司北找张空桌坐下,老头很快从柜上提了茶壶,摆好干净的茶杯,给司北倒上一杯热茶。
司北有些奇怪,这店上茶却不上菜单,四处张望一圈,墙上也没有菜单,不由开口问道:“老板,有什么好吃的?有菜单没?”
“好吃的就有,菜单就没有。”小老头促狭地笑笑,“小哥第一次来吧?看来不是朋友介绍的喽?”
“嗯,赶巧,饿了看到你家就进来了。”司北忙活一上午也有些渴了,不顾茶水滚沸,仰头就喝干了一杯。
对于茶,司北是妥妥的外行,可就连他这个外行也能喝出这是好茶,一口下去只觉得香气一直沁到了心里,身上的些许疲惫一扫而空。
老头笑眯眯地瞧着司北,解释道:“我们家是没菜谱的,只有套餐,要吃我就给你上。”
“套餐?包括什么?”
“每顿不一样,总之是有菜有汤有饭。”
司北有些好笑:“您老这是玩的爱吃不吃那一套?”
没想到老头认真地摇摇头:“不是我故意如此,只是店小,食材要精,每顿就只能有限地选择几样,要是食材剩下了,我是要亏本的。”
司北饿得前胸贴后背,只想赶紧吃上一口热乎的,正好懒得选了,点头道:“那就来一份套餐试试。”
“好嘞,稍等。”
老头转进后厨,不一会端上了所谓的套餐,三菜一汤,一碗饭,每份菜量都不多,大约正好是成年人的饭量。

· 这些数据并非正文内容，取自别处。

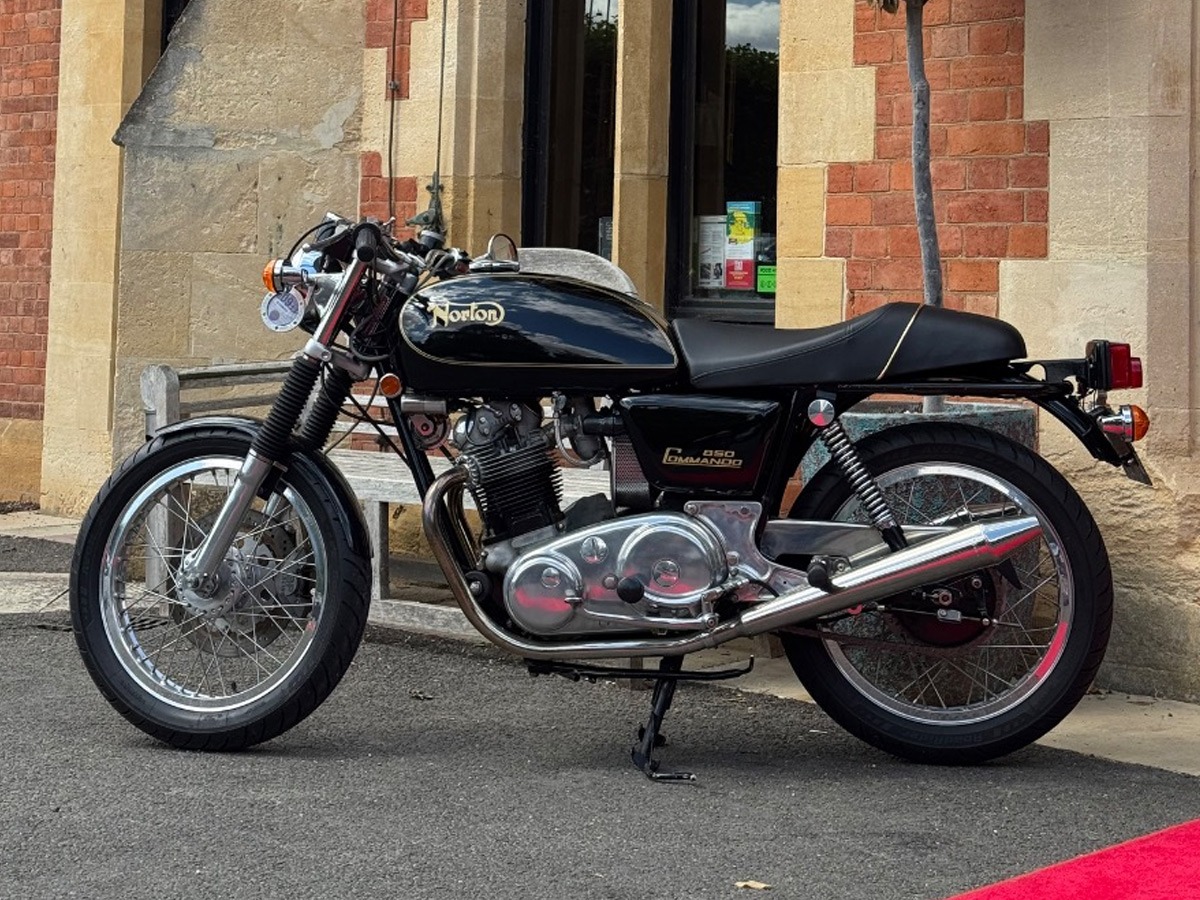 1972 Norton Other Image 2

番茄炒鸡蛋,红烧肉,凉拌木耳,鱼头豆腐汤,白米饭上撒了几粒芝麻,真是再普通不过的家常菜式了。
司北正饿着,就想找点能填饱肚子的实在吃食,立刻拿筷子开动。
唔……好次!
如此普通的菜式能做出什么花招?原来真的可以!
前世司北也看过些美食文和美食节目,遗憾的是,除了入口即化,他实在没学会别的形容美食的词汇。
除了好吃,司北也实在想不出别的形容,就像这些菜式一样,返璞归真,不追求那些花里胡哨的褒奖,只追求简单的“好吃”二字,这世上又有多少人能做到?
这会儿,司北完全是甩开膀子大吃一场的架势,脑袋埋进了饭碗里,筷子扫过一盘菜,这一盘就没了一半,百忙之中,司北给老头竖了个大拇指,这是食客最发自肺腑的赞扬,老头显然极为受用,笑得眼睛都眯起来了。
“再来一份,哦不!两份!”司北还真有点担心,老头别像小说里一样,玩什么限量供应,他的饭量三份套餐也未必喂得饱。
所幸限量供应这么狗血的事没有发生,老头笑着点点头,转回后厨,不一会儿又给司北端出了两份套餐。
午后的小店里,司北埋头苦战,消灭着一份又一份食物,隔壁桌的老街坊拿着古旧的收录机,放着古旧的戏曲,间或呷一口茶,摇头晃脑地跟着哼唱几句。
店老板时不时转进后厨为司北准备饭菜,一次次重复却没有丝毫不耐。
当司北放下筷子,舒畅地说一句“我吃饱了”的时候,司北已经吃下了整整八份套餐,面前的碗碟摞得有半人高。
“爱吃?”老头看着司北吃得香,自己也高兴。
“爱吃!好吃!”司北重重点头。
“以后常来啊!”
“一定!”
走出店门,司北有些悲哀地想到,自己的温锅计划可能要无限期拖延了。————————————————
下午吃得太饱,司北回到租屋简单收拾了一下,决定步行前往晚上的沙龙,正好可以消消食。
溜溜达达,一直走到天色擦黑,司北才找到了高明奎所说的地方。
既不隐秘也不高调,沙龙开在一座普普通通的公寓。
参加沙龙的一共有二三十人,司北很容易就分辨出,其中只有五六位是真正的魔纹师,其他的大概是代理人或者随行人员之类吧。
因为除了他,到场的魔纹师不管是谦和的还是倨傲的,都把象征魔纹师身份和位阶的徽章戴在胸前。
我为啥没有?
不是司北非得格格不入,实在是他是真没有这徽章……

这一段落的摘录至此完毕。